Un résumé de l’enquête conduite par la 82e Airborne Division, daté du 28 janvier et transmis à l’agence Reuters a conclu : « Aucun cas d’abus spécifique n’a été enregistré ». D’après ce rapport, aucun des soldats, interrogés sous serment, n’a « admis ou rapporté avoir connaissance d’abus physiques ou d’actes de torture ». L’armée américaine n’a jamais interrogé les trois employés de Reuters.
Par ailleurs, RSF demande au Pentagone de mener une enquête séparée sur les conditions de détention du cameraman de la chaîne qatarie Al-Jazira, Saleh, 33 ans, détenu pendant un mois et demi en novembre 2003. D’après son témoignage publié dans plusieurs médias – le quotidien britannique « The Guardian » et le magazine américain « The Nation » -, il aurait subi à plusieurs reprises des mauvais traitements, notamment dans la prison d’Abu Ghraib.

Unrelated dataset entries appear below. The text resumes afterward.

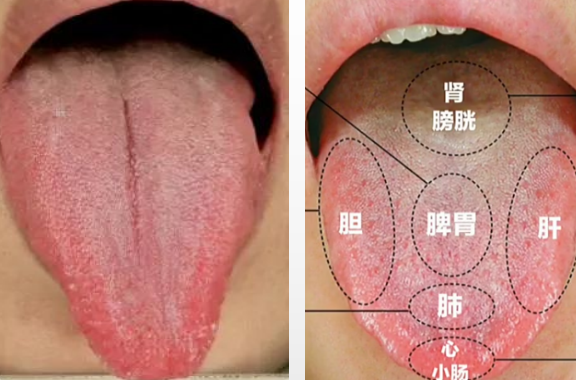 反酸燒心多是肝火犯胃簡單6味中藥滋補肝陰疏解肝氣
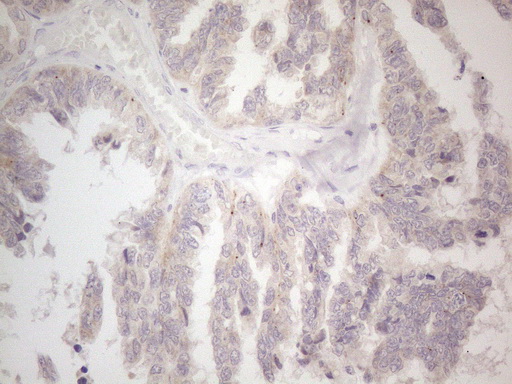 CIAPIN1 / Anamorsin Antibody - Immunohistochemical staining of paraffin-embedded Adenocarcinoma of Human ovary tissue using anti-CIAPIN1 mouse monoclonal antibody. (Heat-induced epitope retrieval by 1mM EDTA in 10mM Tris buffer. (pH8.5) at 120°C for 3 min. (1:150)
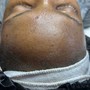 Facial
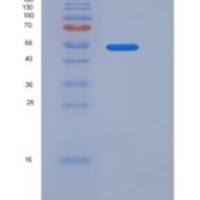 人PD-L1 / B7-H1 / CD274重组蛋白Fc tag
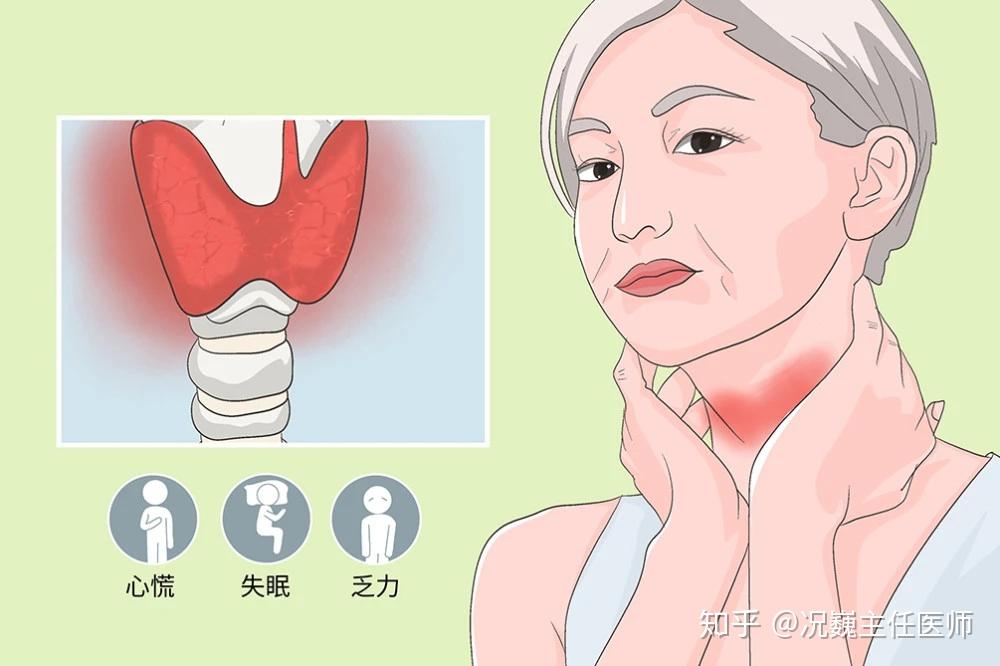 甲亢甲状腺结节怎么治疗最好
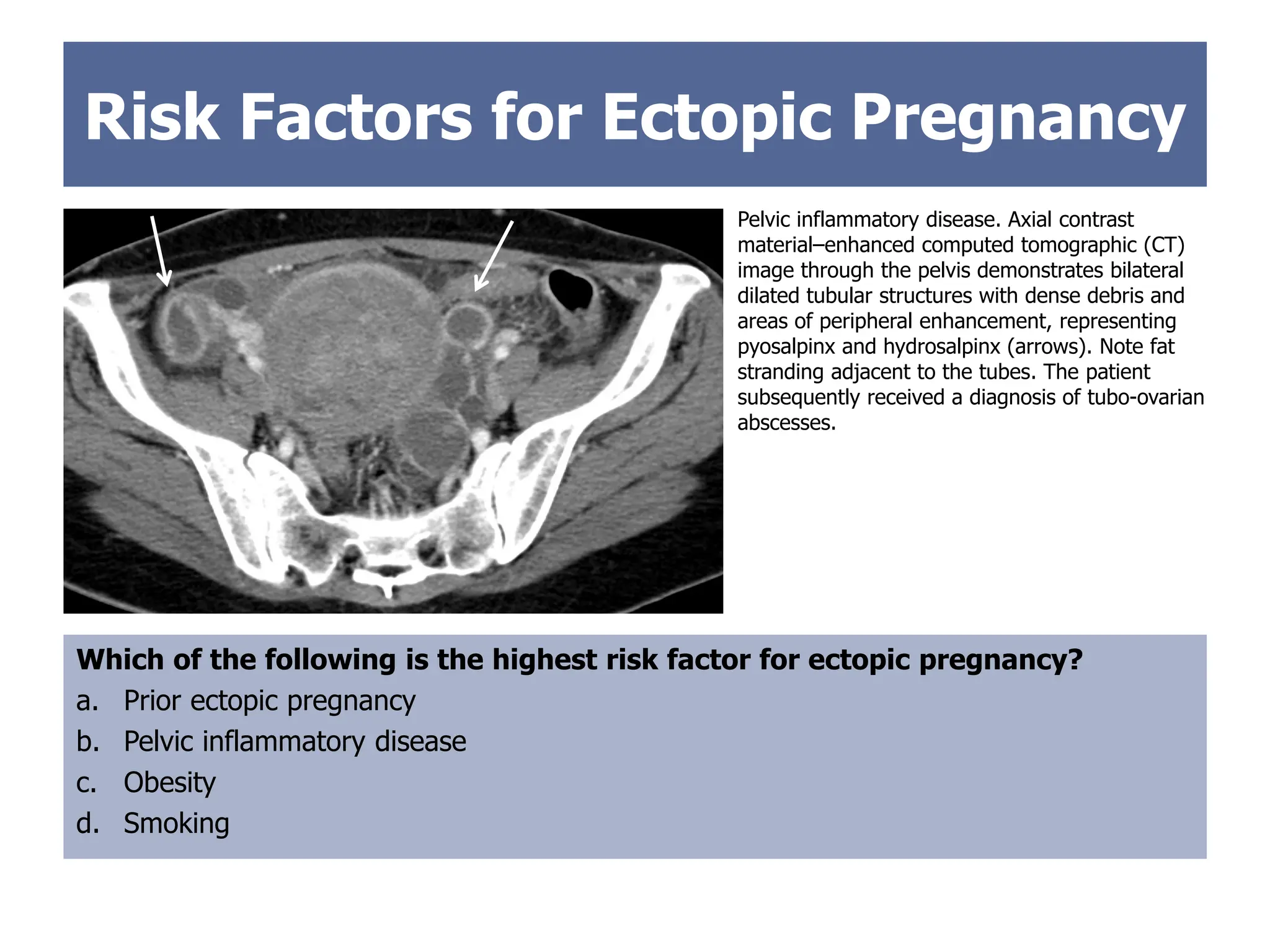 Risk Factors for Ectopic Pregnancy
Which of the following is the highest risk factor for ectopic pregnancy?
a. Prior ectopic pregnancy
b. Pelvic inflammatory disease
c. Obesity
d. Smoking
Pelvic inflammatory disease. Axial contrast
material–enhanced computed tomographic (CT)
image through the pelvis demonstrates bilateral
dilated tubular structures with dense debris and
areas of peripheral enhancement, representing
pyosalpinx and hydrosalpinx (arrows). Note fat
stranding adjacent to the tubes. The patient
subsequently received a diagnosis of tubo-ovarian
abscesses.
 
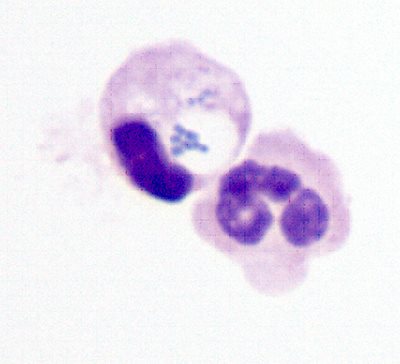 A neutrophil and a bacteria-engulfing macrophage sorted from sputum of a person with cystic fibrosis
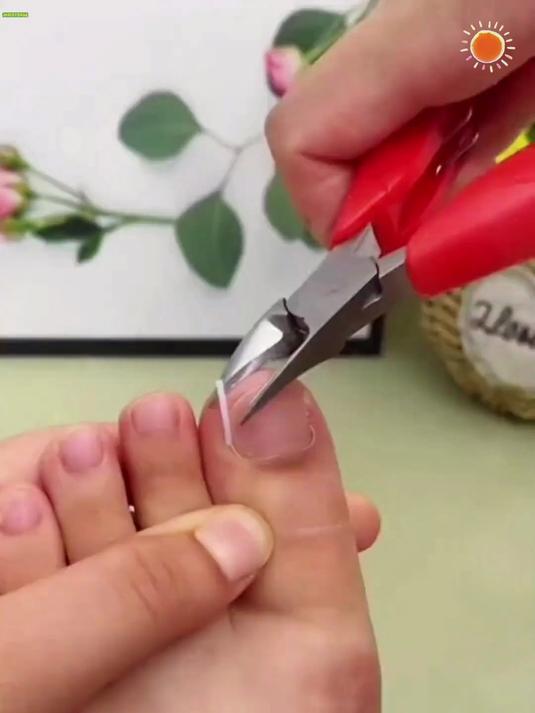 嵌甲分离片，指甲不再向肉长，像隔棉花般特别舒服！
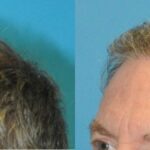FUE NeoGraft Hair Transplant #14 - Before and After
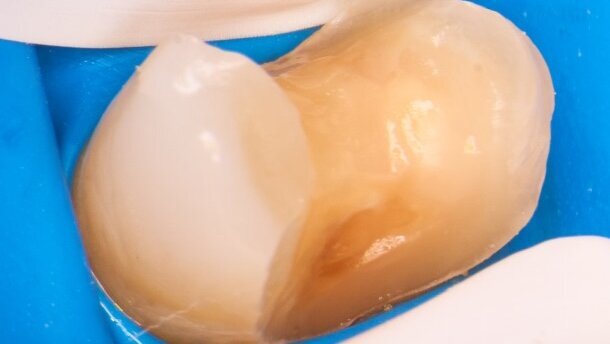 Stomatologia cyfrowa w codziennej praktyce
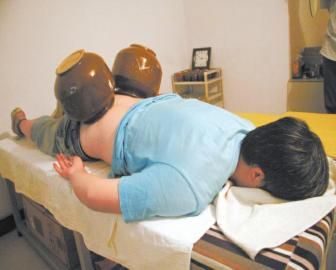 拔泡菜壇子火罐。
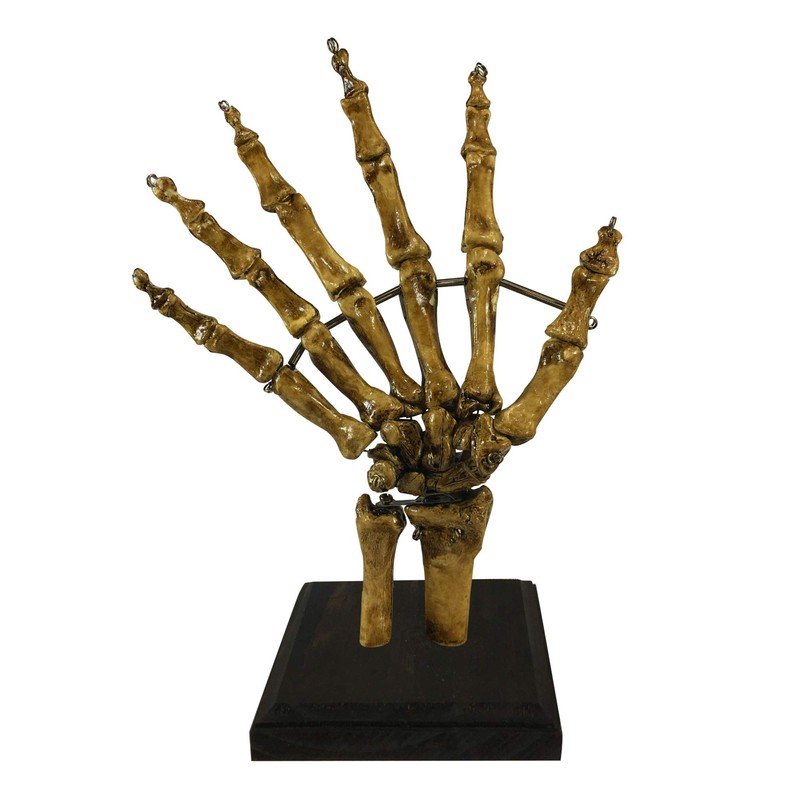 Asylum Zone Bizarre! Vintage 6 Finger Skeleton Hand Oddity Medical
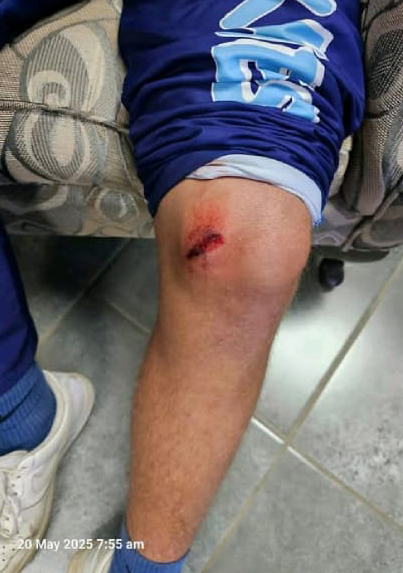 WhatsApp Image 2025-05-20 at 10.47.58_edc018a41 Student that has been bruised by the bullet of AK-47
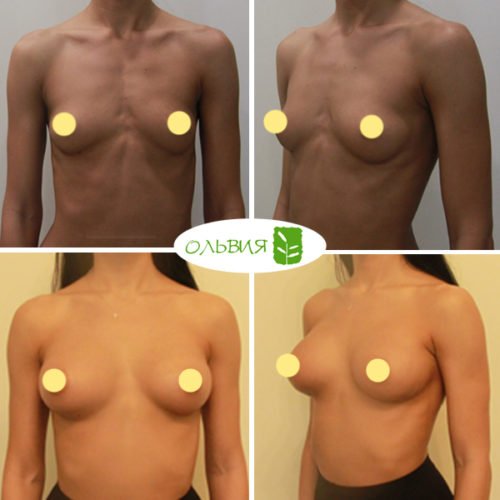 Эндоскопическое увеличение груди, Nador анатомия 375гр, спустя 3 недели 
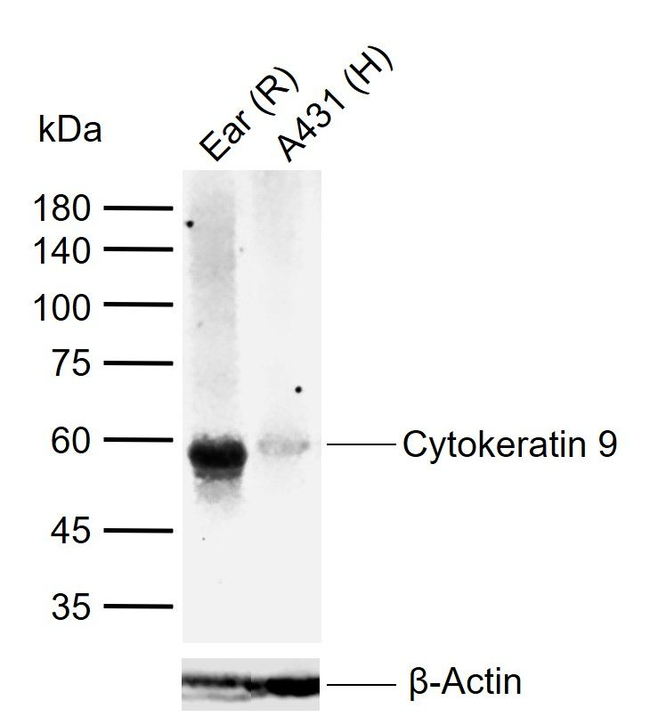 KRT9 Antibody in Western Blot (WB)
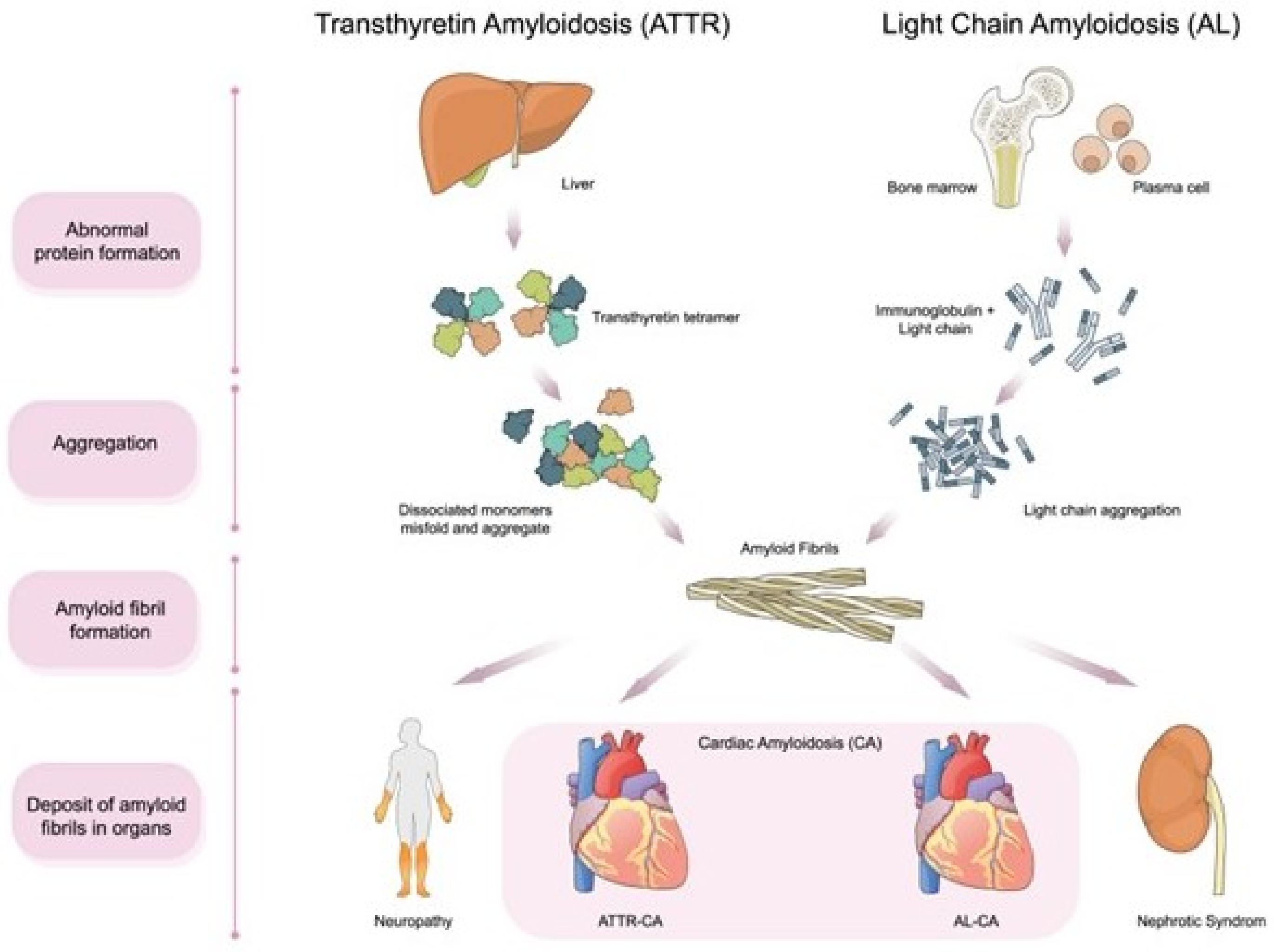 Multimodal Imaging and Biomarkers in Cardiac Amyloidosis | MDPI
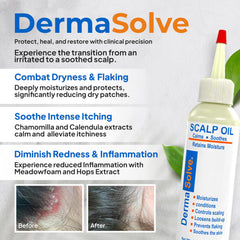 Dermasolve scalp oil dropper demonstrates precise application for targeted relief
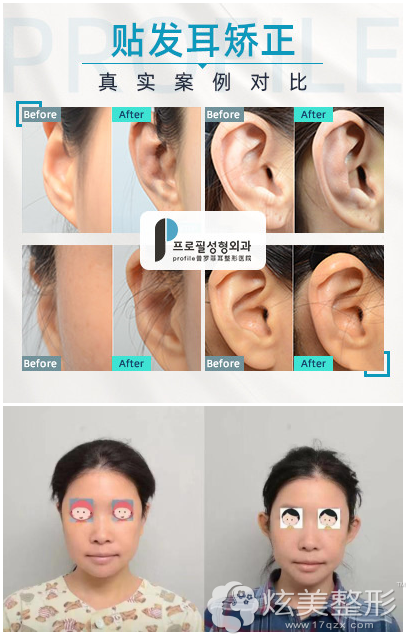 郑在皓院长贴发耳矫正案例 郑在皓院长贴发耳矫正案例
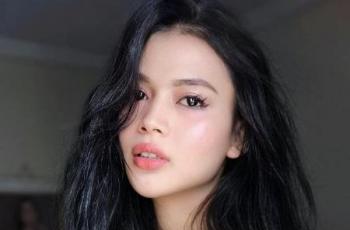 4 Potret Dinda Syarif Sebelum dan Sesudah Operasi Jakun, Makin Cantik Paripurna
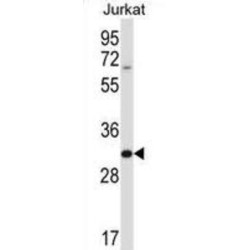 Phospholipase A and Acyltransferase 5 / HRASLS5 (PLAAT5) Antibody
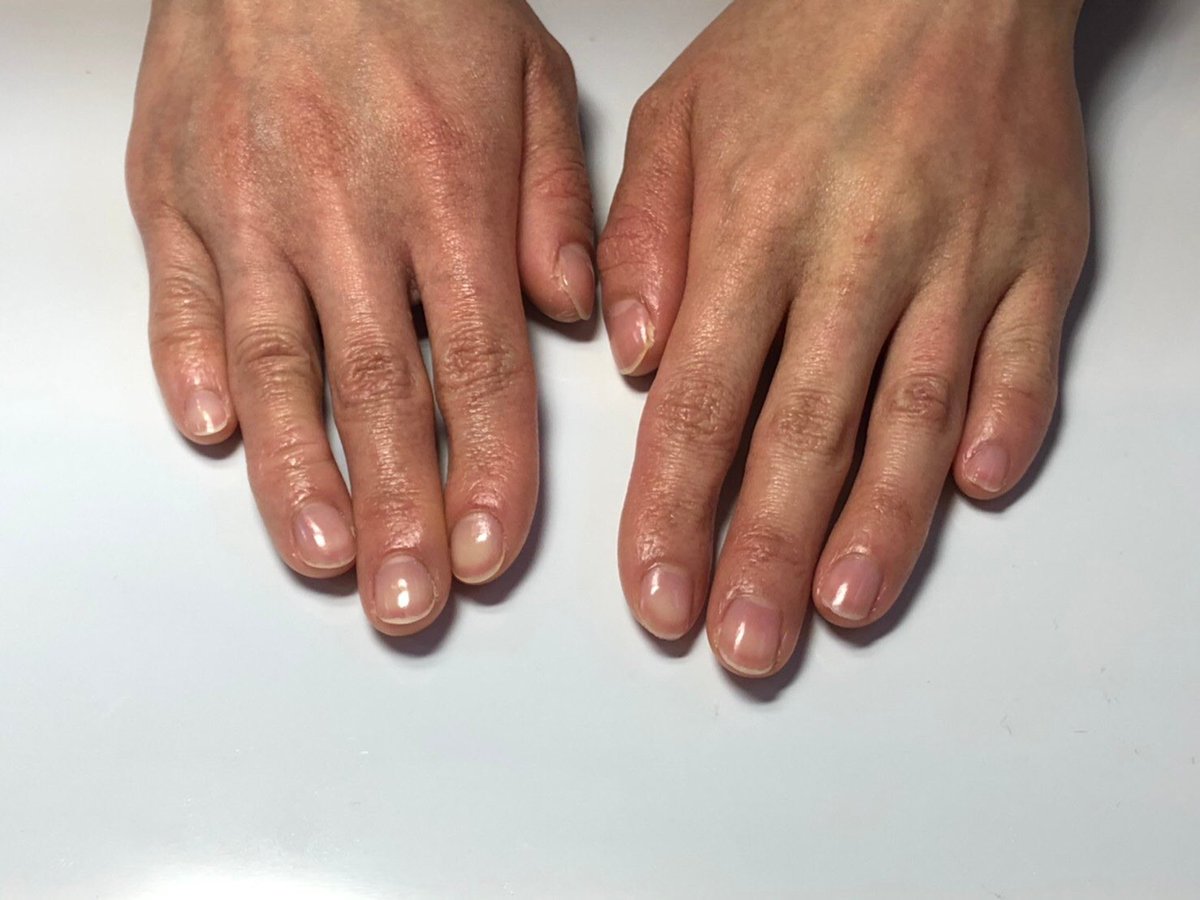 ｴﾘｰｽﾞまい ｵﾀ活できるﾈｲﾙｻﾛﾝ 手荒れでお悩みのトリマーさん Sosoハンドエッセンスの朝晩の塗布 月2回のサロンでのトリートメント 3ヶ月でお肌のキメ トーン 関節のシワなどに変化が見えてきました ハンドケア エイジングケア 手の病院サロン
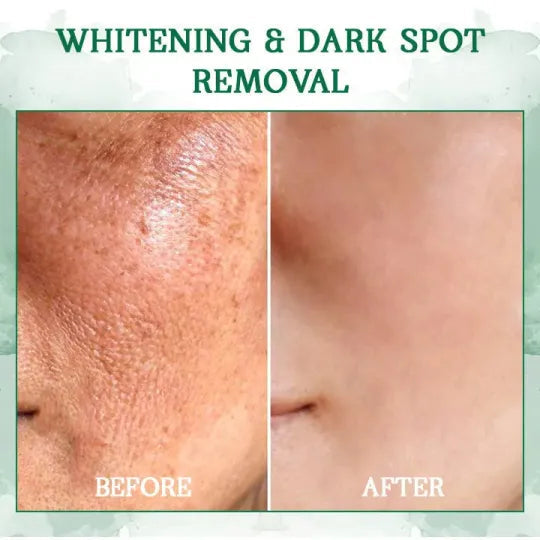 🔥👩⚕️Last Day Promotion 𝟕𝟎%𝐎𝐅𝐅 - SkinFirming Rejuvenating Serum🔥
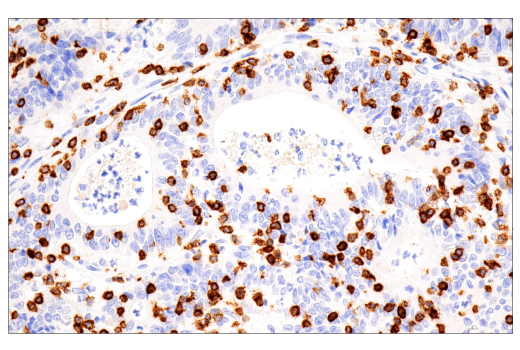 Immunohistochemistry Image 1: CD7 (LP15) Mouse mAb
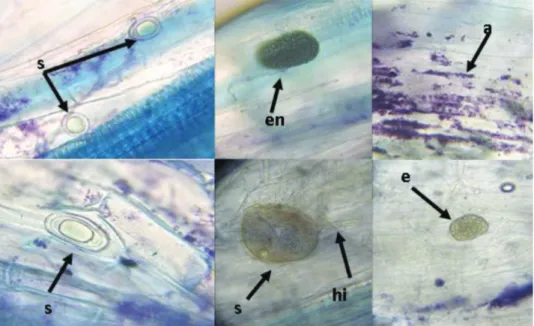 Fig. 1. Crocus sativus roots with arbuscular mycorrhizal structures:  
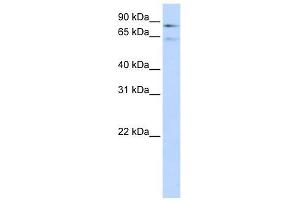 Factor XIII B Polypeptide antibody used at 1 ug/ml to detect target protein. (F13B anticorps  (Middle Region))
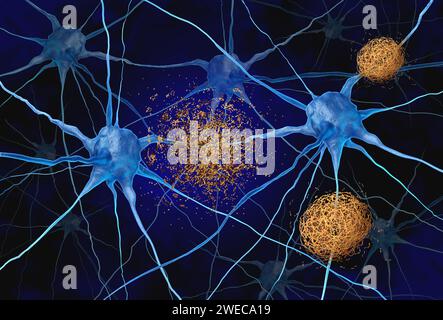 Terapia mirata all'amiloide come placche costituite da ammassi anomali di frammenti proteici che si accumulano tra le cellule nervose distrutte o disciolte Foto Stock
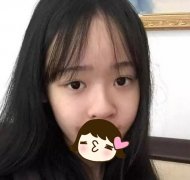 吳建利醫(yī)生給我做的硅膠隆鼻，你們覺得怎么樣？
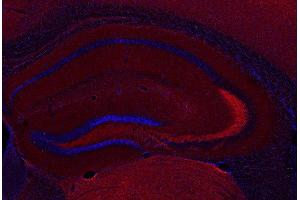 Immunohistochemistry (IHC) image for anti-Syntaxin Binding Protein 1 (STXBP1) antibody (ABIN4889918)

Saleh a été arrêté par l’armée américaine, le 3 novembre, près de Baqouba, à une quarantaine de kilomètres au nord de Bagdad, alors qu’il couvrait une attaque à la bombe qui venait de se produire contre un convoi américain. Ses interrogateurs l’ont accusé d’avoir eu connaissance de l’explosion avant les faits. D’après son témoignage, il a tout d’abord été conduit sur la base militaire de l’aéroport international de Bagdad, puis à Tikrit, avant d’être transféré à la prison d’Abu Ghraib à Bagdad où il aurait été déshabillé, battu et insulté, les soldats faisant référence à lui en l’appelant « Al-Jazira », « garçon » ou « pute ». Lors de sa détention, il aurait été forcé de rester debout dehors pendant onze heures, nu, la tête enfermée dans un sac. Il aurait ensuite été battu, revêtu d’une tenue rouge couverte de vomissures puis interrogé par deux Américains en civil. Ceux-ci ont accusé la chaîne Al-Jazira de travailler avec des terroristes.
Après plusieurs semaines de détention, Saleh a été présenté devant la Cour suprême fédérale, tribunal nouvellement établi par le Conseil de gouvernement irakien. D’après le quotidien « The Guardian », Saleh a été entendu lors de la première audience de cette cour qui l’a relâché pour manque de preuves. Il a été libéré le 18 décembre, à l’extérieur de Bagdad, toujours vêtu des mêmes vêtements souillés.